_What the task asks_: Repeat exactly the lines of the records below, starting at the line containing "If you have a" and ending at the line containing "So if you're". Leave the pictures out.

_Given records_:

+++

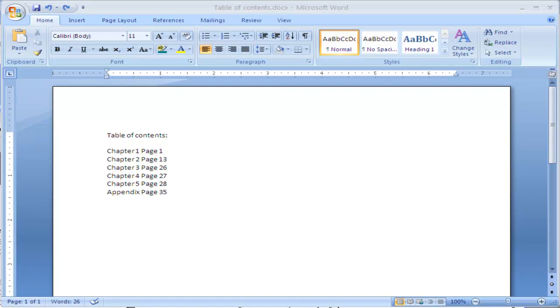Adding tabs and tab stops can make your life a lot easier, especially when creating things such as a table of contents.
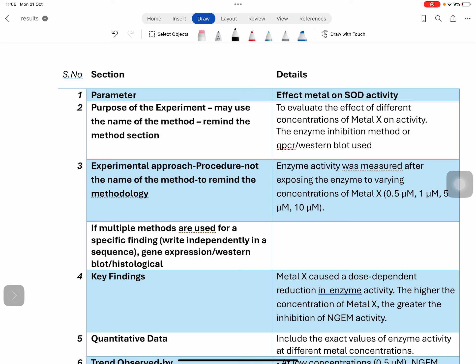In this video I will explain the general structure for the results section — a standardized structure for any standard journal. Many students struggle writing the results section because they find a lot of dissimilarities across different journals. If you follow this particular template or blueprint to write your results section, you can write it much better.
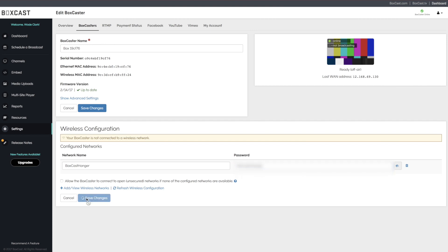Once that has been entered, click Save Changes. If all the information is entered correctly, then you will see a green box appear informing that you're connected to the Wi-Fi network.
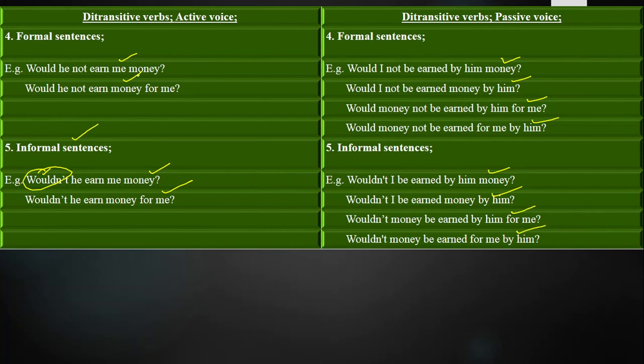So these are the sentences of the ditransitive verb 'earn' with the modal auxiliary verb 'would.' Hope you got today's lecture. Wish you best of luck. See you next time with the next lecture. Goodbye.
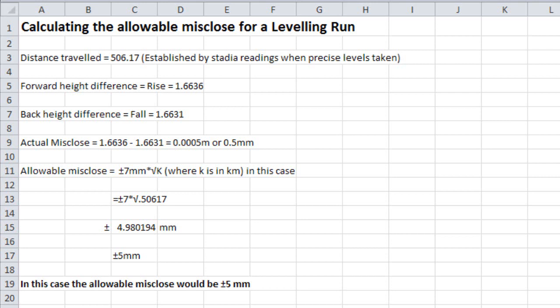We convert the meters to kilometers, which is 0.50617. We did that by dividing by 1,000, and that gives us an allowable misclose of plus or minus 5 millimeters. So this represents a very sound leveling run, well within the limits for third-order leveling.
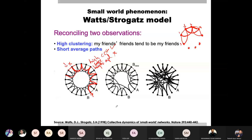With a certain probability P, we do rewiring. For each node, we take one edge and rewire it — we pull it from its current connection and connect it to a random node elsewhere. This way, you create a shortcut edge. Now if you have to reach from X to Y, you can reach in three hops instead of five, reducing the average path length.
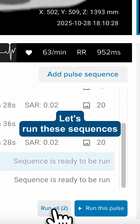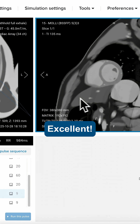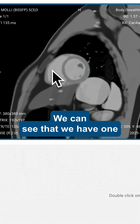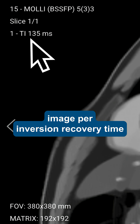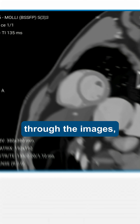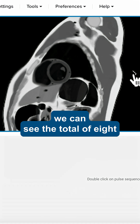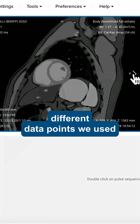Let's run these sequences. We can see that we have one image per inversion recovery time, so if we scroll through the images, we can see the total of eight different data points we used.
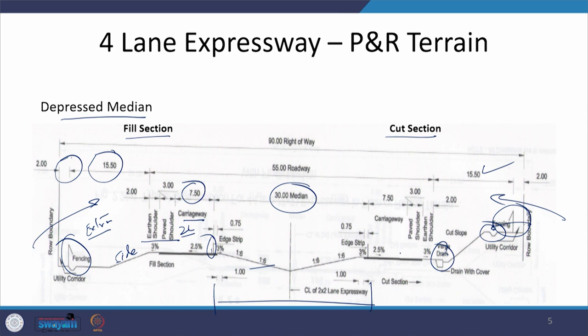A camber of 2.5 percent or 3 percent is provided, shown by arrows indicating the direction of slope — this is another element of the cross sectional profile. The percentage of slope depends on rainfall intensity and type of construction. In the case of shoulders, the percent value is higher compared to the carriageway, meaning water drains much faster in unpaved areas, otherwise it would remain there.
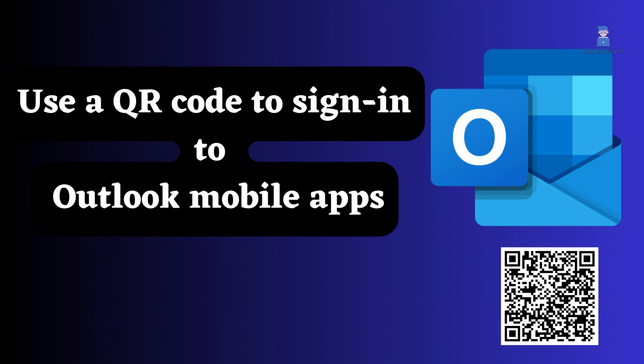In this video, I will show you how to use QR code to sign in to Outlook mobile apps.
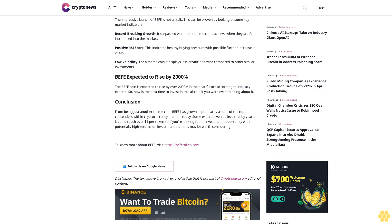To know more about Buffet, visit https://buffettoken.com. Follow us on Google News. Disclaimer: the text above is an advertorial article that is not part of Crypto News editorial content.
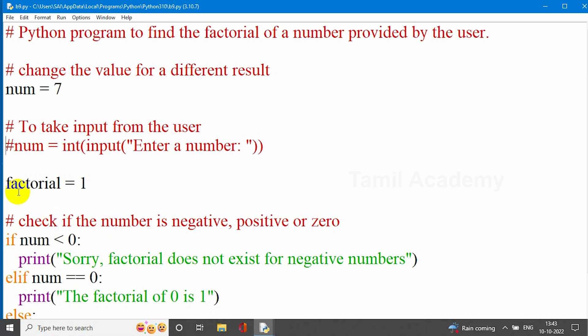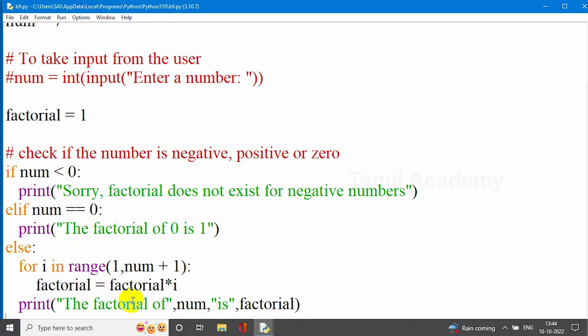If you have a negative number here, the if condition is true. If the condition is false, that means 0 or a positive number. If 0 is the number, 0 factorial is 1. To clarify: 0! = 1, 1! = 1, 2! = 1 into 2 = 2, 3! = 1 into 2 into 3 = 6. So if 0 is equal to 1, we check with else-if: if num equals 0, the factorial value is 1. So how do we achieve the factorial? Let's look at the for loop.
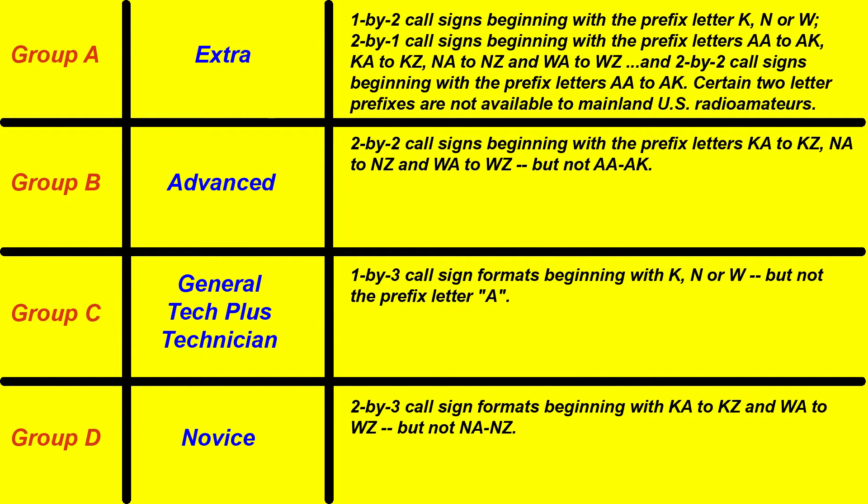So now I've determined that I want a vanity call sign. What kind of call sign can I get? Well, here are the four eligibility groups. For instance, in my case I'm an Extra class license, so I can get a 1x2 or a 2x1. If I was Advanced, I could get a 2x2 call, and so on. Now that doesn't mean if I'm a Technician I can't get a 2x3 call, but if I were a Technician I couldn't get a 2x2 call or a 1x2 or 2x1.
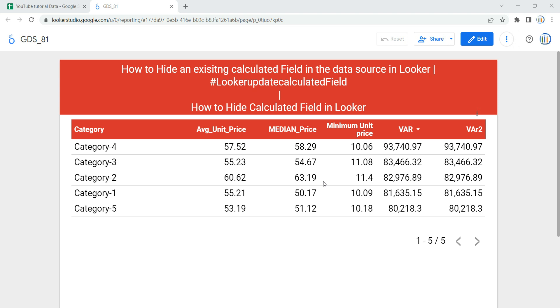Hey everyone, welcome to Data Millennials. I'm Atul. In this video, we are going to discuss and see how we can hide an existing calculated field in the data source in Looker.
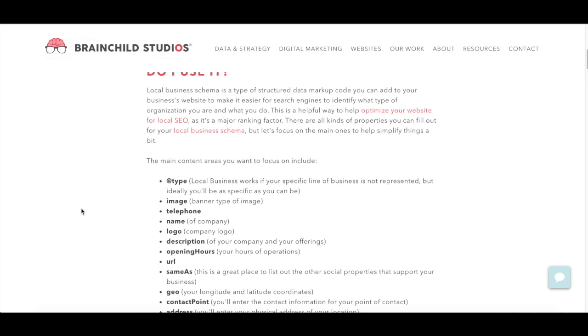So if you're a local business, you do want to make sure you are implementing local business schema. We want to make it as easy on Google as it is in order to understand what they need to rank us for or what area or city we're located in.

+++

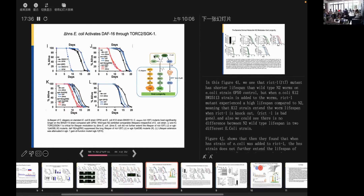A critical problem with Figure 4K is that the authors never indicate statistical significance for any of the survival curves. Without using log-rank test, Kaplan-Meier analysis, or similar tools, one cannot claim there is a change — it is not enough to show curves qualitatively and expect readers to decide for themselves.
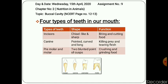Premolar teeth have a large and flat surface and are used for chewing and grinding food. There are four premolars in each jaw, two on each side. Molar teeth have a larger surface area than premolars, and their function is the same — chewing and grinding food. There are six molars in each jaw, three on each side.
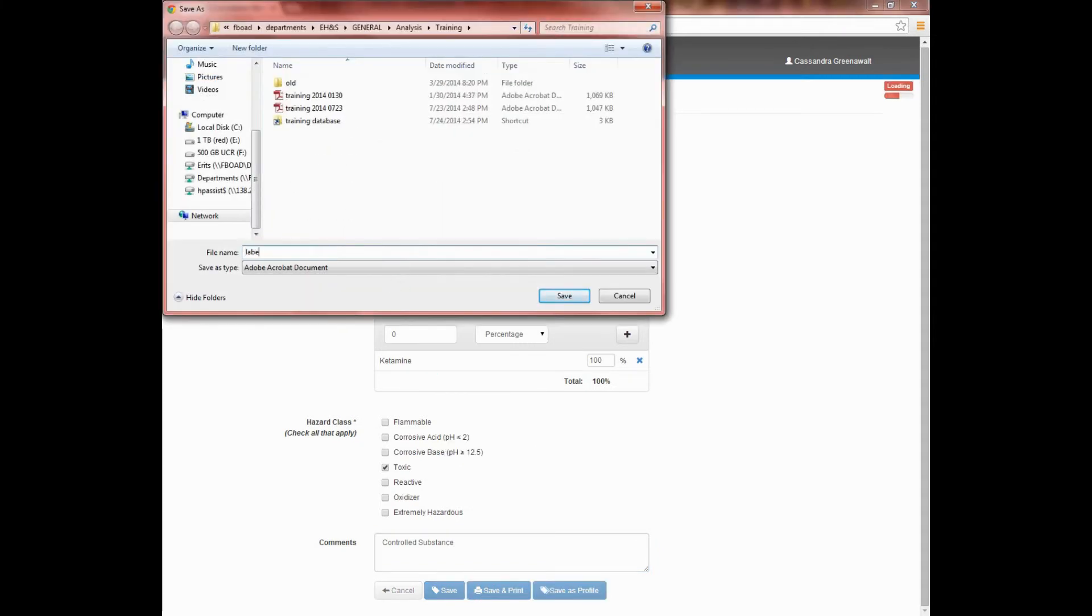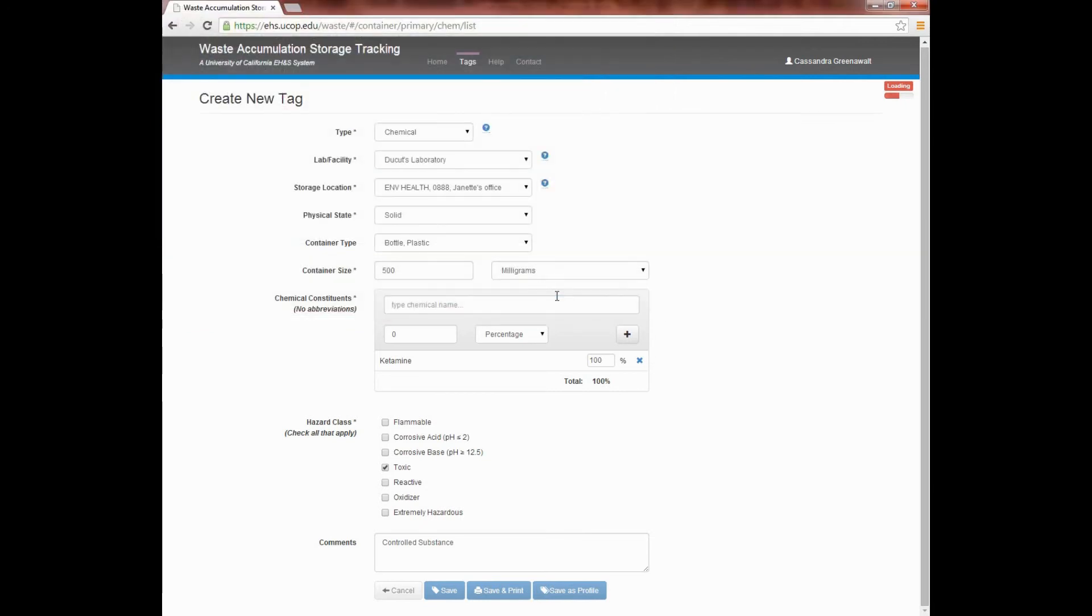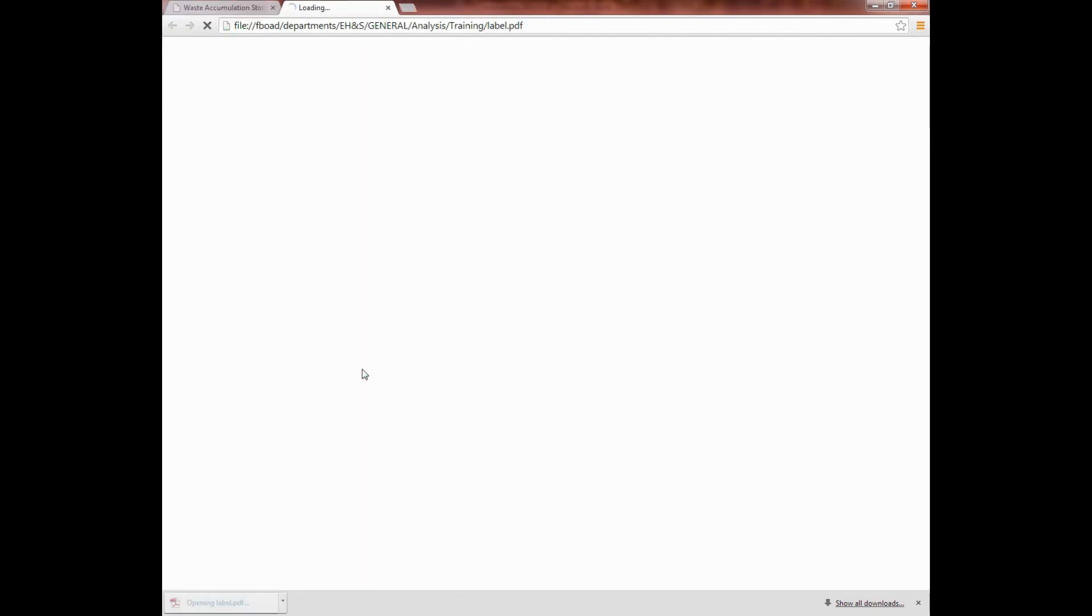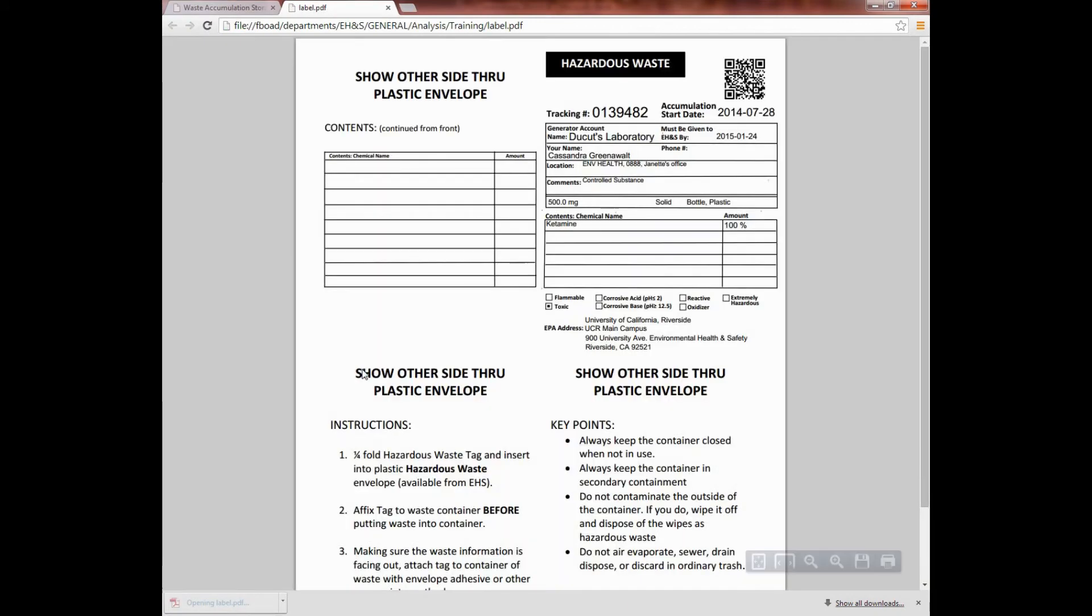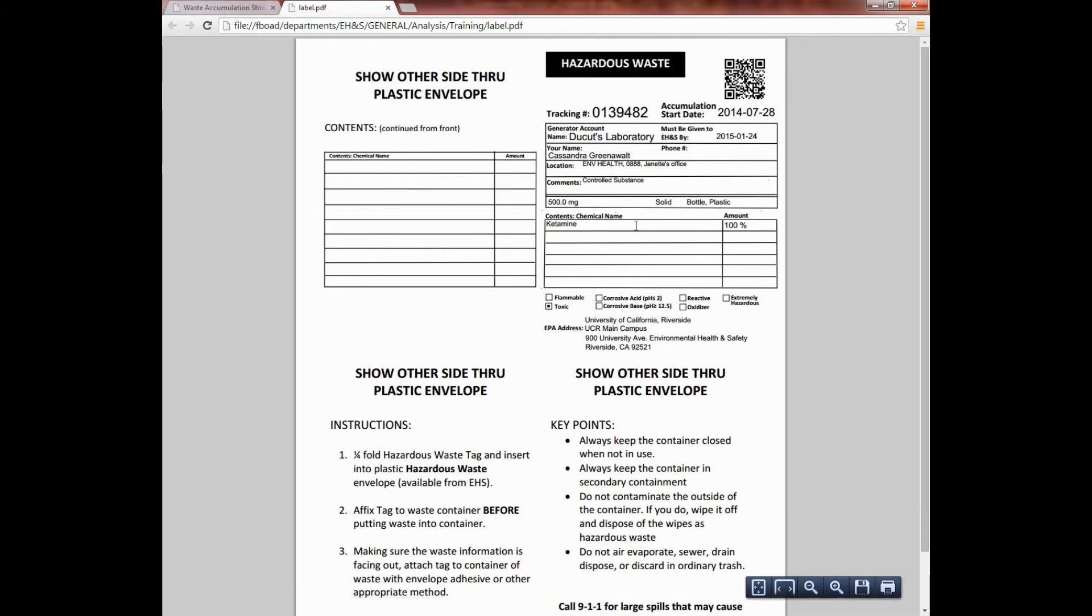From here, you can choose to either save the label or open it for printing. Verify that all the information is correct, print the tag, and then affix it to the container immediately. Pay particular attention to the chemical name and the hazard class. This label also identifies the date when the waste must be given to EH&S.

+++

_The completed task_:
If you have a negative number here, the if condition is true. If the condition is false, that means 0 or a positive number. If 0 is the number, 0 factorial is 1. To clarify: 0! = 1, 1! = 1, 2! = 1 into 2 = 2, 3! = 1 into 2 into 3 = 6. So if 0 is equal to 1, we check with else-if: if num equals 0, the factorial value is 1. So how do we achieve the factorial? Let's look at the for loop.
So now I've determined that I want a vanity call sign. What kind of call sign can I get? Well, here are the four eligibility groups. For instance, in my case I'm an Extra class license, so I can get a 1x2 or a 2x1. If I was Advanced, I could get a 2x2 call, and so on. Now that doesn't mean if I'm a Technician I can't get a 2x3 call, but if I were a Technician I couldn't get a 2x2 call or a 1x2 or 2x1.
Hey everyone, welcome to Data Millennials. I'm Atul. In this video, we are going to discuss and see how we can hide an existing calculated field in the data source in Looker.
So if you're a local business, you do want to make sure you are implementing local business schema. We want to make it as easy on Google as it is in order to understand what they need to rank us for or what area or city we're located in.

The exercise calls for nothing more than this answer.